Given data:
_____

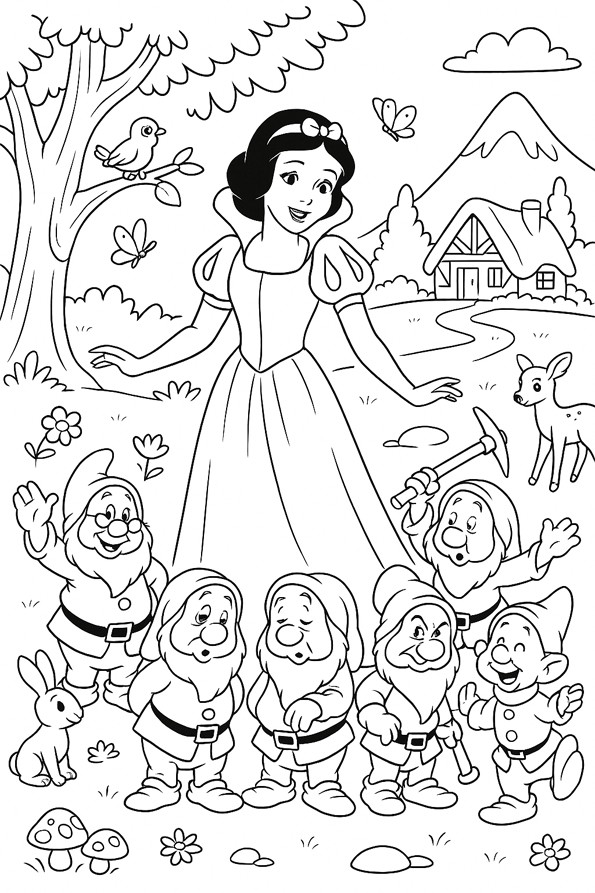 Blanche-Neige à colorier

_____

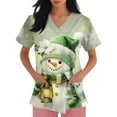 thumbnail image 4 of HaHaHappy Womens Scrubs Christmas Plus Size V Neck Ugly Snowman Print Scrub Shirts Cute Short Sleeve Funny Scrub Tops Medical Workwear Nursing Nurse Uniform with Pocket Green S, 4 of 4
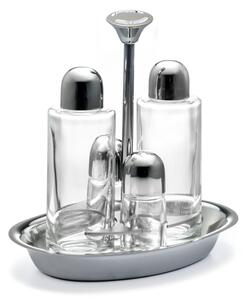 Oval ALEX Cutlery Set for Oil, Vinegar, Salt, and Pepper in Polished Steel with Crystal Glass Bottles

_____

Task to carry out:
Output exactly the stretch of the listing that begins at the line containing "thumbnail image 4" and ends at the line containing "Oval ALEX Cutlery", both kept. Omit pictures and everything else.

Answer:
 thumbnail image 4 of HaHaHappy Womens Scrubs Christmas Plus Size V Neck Ugly Snowman Print Scrub Shirts Cute Short Sleeve Funny Scrub Tops Medical Workwear Nursing Nurse Uniform with Pocket Green S, 4 of 4
 Oval ALEX Cutlery Set for Oil, Vinegar, Salt, and Pepper in Polished Steel with Crystal Glass Bottles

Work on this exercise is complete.